Dengan demikian, angka kemiskinan di atas memperlihatkan kepada kita bahwa kemiskinan merupakan sebuah persoalan sosial yang membutuhkan perhatian khusus dari berbagai elemen masyarakat dunia. Harus diakui bahwa dalam mengentaskan kemiskinan, pemerintah telah melakukan suatu upaya untuk memberantas kemiskinan dengan memberikan Bantuan Langsung Tunai (BLT) kepada warga miskin. Tetapi, kendatipun demikian fakta menunjukkan bahwa kemisikinan di Indonesia masih merupakan sebuah problem sosial. Jadi, apa yang dilakukan oleh pemerintah masih sebatas wacana untuk menarik perhatian masyarakat yang tidak mampu.
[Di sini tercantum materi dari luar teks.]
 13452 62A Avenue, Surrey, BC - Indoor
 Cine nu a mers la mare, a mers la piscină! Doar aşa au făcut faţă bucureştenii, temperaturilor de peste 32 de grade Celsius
Pemerintah belum mempunyai keseriusan dalam mengentaskan kemiskinan sebagai sebuah persoalan sosial yang harus diselesaikan.
Berangkat dari realitas kemiskinan di Indonesia dan di dunia, penulis mengangkat tema tentang kemiskinan (option for the poor) dengan bertolak dari apa yang digagas dalam ensiklik Sollicitudo Rei Socialis yang dikeluarkan oleh Paus Yohanes Paulus II.

II. Latar belakang Munculnya Sollicitudo Rei Socialis (SRS)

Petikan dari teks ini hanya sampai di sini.